KES Chapel Reflection, Week of 20 February

Two vast and spacious things

The Book of Genesis is a rich theological text. It is foundational for the scriptural and philosophical traditions of Judaism and Christianity especially. It is not a scientific treatise nor a collection of fables and myths haphazardly thrown together. It is theology, a commentary on the overarching justice or righteousness of God in creation and human experience despite the repeated and constant failings of our humanity. As the theologian and novelist Marilynne Robinson notes it is really “a theodicy, a meditation on the problem of evil” that “acknowledge[s] in a meaningful way the darkest aspects of the reality we experience” and undertakes to “reconcile them with the goodness of God and Being itself against which the darkness of our world stands out so sharply.”

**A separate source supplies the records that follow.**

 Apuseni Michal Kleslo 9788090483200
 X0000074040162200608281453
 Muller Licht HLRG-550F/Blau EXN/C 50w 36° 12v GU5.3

Much of Genesis is the story of sibling rivalry, a story of brothers. There is the story of Abraham and Lot, the story of Isaac and Ishmael, of the sisters Leah and Rachel, of Jacob and Esau, all of which ultimately culminate in the story of Joseph and his brothers. The tensions and divisions that these stories present are the setting through which God’s goodness and will, his purpose and patience, are glimpsed and known. It is all the grace of providence at work in and through our sins and failings. The first story after the fall of our humanity from Paradise is the story of Cain and Abel, the first murder. The last story of Joseph and his brothers, so beautifully and movingly told, is about forgiveness and reconciliation. Ultimately, it is the overcoming of the resentments and envy, and even violence that are so often a feature of sibling rivalry.

Joseph is the youngest son and the so-called favourite of his father, Jacob, of which the coat given to him by his father is the constant reminder, it seems. This excites the hatred of his brothers towards him especially when he tells them his dreams which they think proclaim his superiority over his older brothers. They conspire to kill him and throw him into one of the pits in the wilderness near Shechem and to tell their father that a wild beast has devoured him. Only Reuben intervenes to prevent them from killing him, planning to “rescue him out of their hand, to restore him to his father,” as the text puts it.

Joseph is left in an empty and waterless pit only to be found by Midianite traders who sell him to the Ishmaelites, in one version, or to an Egyptian officer of Pharaoh, Potiphar, in another. In any event, he is not killed but instead rises to prominence in Egypt through an intriguing set of events related again to his dreams which are really about prophetic insight.